Illinois State University’s Pranshoo Solanki and his team of students have been awarded a grant by the Environmental Protection Agency for their efforts to make construction materials more sustainable.
A collaborative team of students and staff from ISU’s Department of Health Sciences and Department of Construction Management are working on the project, with the latter leading it.
The EPA’s People, Prosperity and the Planet grant program funds innovative technology projects, such as Solanki’s, to universities across the nation.
The ISU team received $15,000 to conduct research on a project titled “Recycled Glass as a Substitute for Portland Cement and Fly Ash in Controlled Low-Strength Material.”
“When you make concrete you use cement, right?” Solanki said. “Well Portland cement generates almost 8 percent of carbon dioxide on the Earth so that’s why we came up of this idea of saying, ‘Why not substitute some of the cement with recycled glass?’”
He explained that making cement in a plant creates a large amount of CO2, which is why his team came up with replacing the cement with glass in order to reduce the amount of CO2, while fitting the EPA’s grant criteria.
Solanki’s team is currently studying partial substitution of cement and fly ash with recycled glass in controlled low-strength material, also known as flowable fill.

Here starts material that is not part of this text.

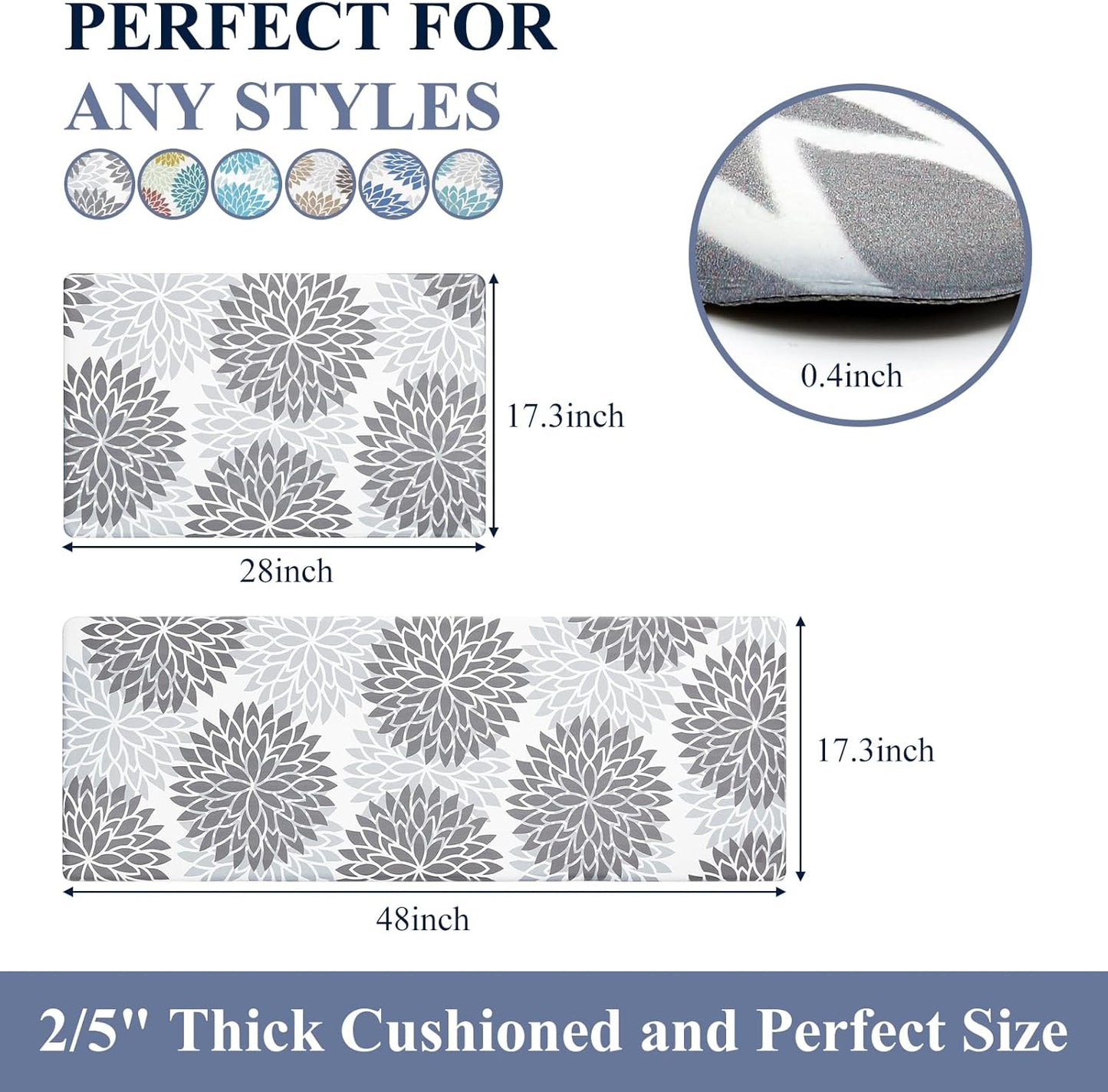 Set 3 Alfombras Cocina Antideslizantes Diferentes Materiales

“We’re trying to use it in a material which is called controlled low-strength material, which is ... mainly used for backfilling trenches, excavations and soil stabilization,” he said.
Fly ash is an industrial byproduct of burning coal in United States thermal power plants. Due to the material not being economical in many parts of the country, many concrete users are searching for an alternative that is both sustainable and economical.

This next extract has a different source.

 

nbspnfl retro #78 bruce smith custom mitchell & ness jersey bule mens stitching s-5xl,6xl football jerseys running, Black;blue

The possibility of using recycled glass powder to offset the use of cement is where the project is focusing its attention.

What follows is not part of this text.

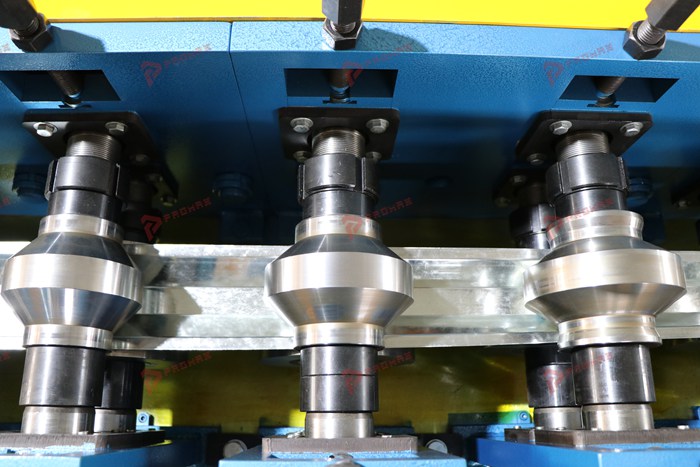 Omega channel forming line for manufacturing metal furring profiles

“Our students are trying to make different cement mixes by replacing some of the cement fly ash with glass. Then we are trying to make some cement samples which will be tested after 13 times of curing and see how strong they are,” Solanki said.
“We’re also testing how well this material flows. It is supposed to flow literally something like water so if you poured that in an excavation you can fill that void and have it fit there,” he said.
He continued to say that in the community, there are blue bins where people can recycle materials such as cans and paper, but glass recycling is much more difficult.
“We have a place here which recycles glass but one of the problems is that they cannot recycle it here, they must ship it to Chicago which costs extra, as well as paying extra for transportation and sorting it by color,” Solanki said.
“Glass is different based on color so we can use that in local construction papers and that’s the good news of it and based on the data which I see, there is a lot of glass and only 27 percent is recycled. The rest is sent to landfills, meaning there’s a lot of room to recycle glass.”
Solanki said that by thinking down the road, the project will make a difference.